**Assignment:** Hand back every line from the beginning of the data below through the line containing "flatpincololee Versione Premium", word for word and free of pictures.

****************

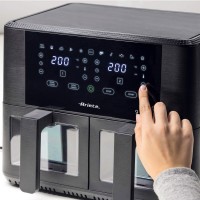 Immagine di Ariete Friggitrice Air Fryer Doppia Vetro 9L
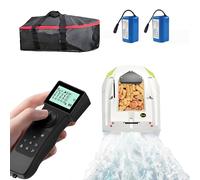 flatpincololee Versione Premium Barca Esche 12V con GPS, 2x15600 mAh, Portata 500 m, Luci per Pesca Notturna, Ritorno Automatico, Carico 2 kg, Borsa da Trasporto - per Lancio Esche/Consegna Amo/Rete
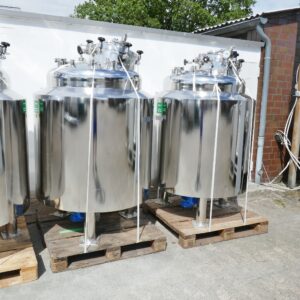 920 liter tank in Acid-proof 316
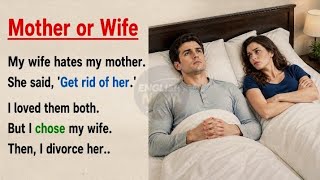 Learn English through Stories Level 3 ⭐ Mother or Wife - Improve your English | English Audio Podcas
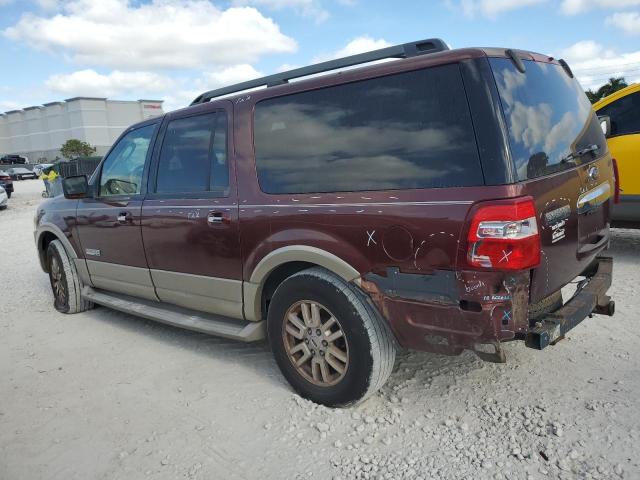 1FMFK175X8LA08981 - 2008 FORD EXPEDITION EL EDDIE BAUER MAROON photo 2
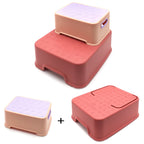 2X Anti-Slip Step Stool for Toddler Kids Bathroom Potty (2023)
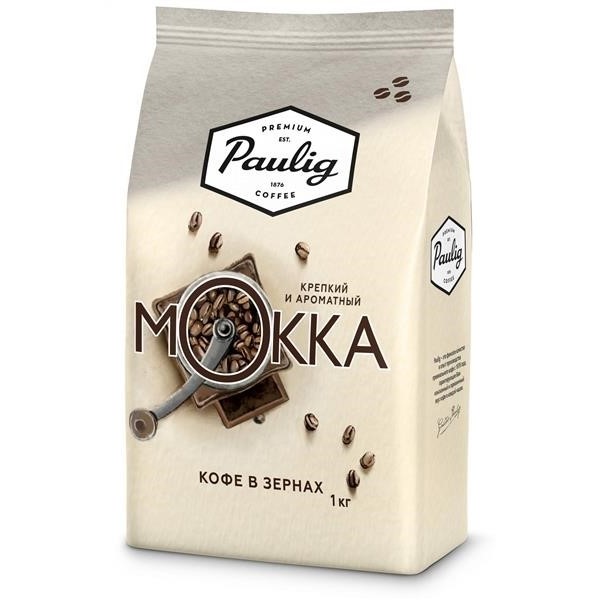 Кофе Paulig mokka в зернах 1000 г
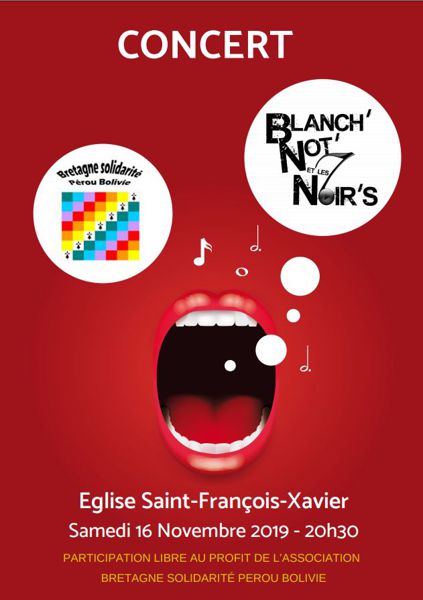 Concert Blanch'Not et  les 7  Noirs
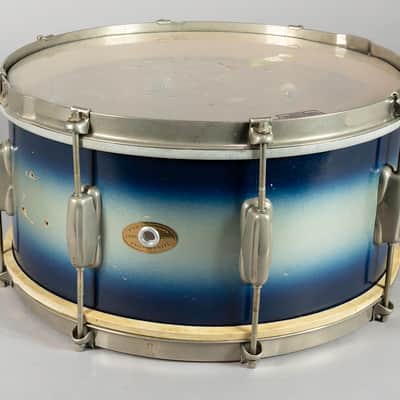 Slingerland Radio King Student model 1955-59 - Blur and Silver Duco, needs parts image 3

****************

**The completed task:**
 Immagine di Ariete Friggitrice Air Fryer Doppia Vetro 9L
 flatpincololee Versione Premium Barca Esche 12V con GPS, 2x15600 mAh, Portata 500 m, Luci per Pesca Notturna, Ritorno Automatico, Carico 2 kg, Borsa da Trasporto - per Lancio Esche/Consegna Amo/Rete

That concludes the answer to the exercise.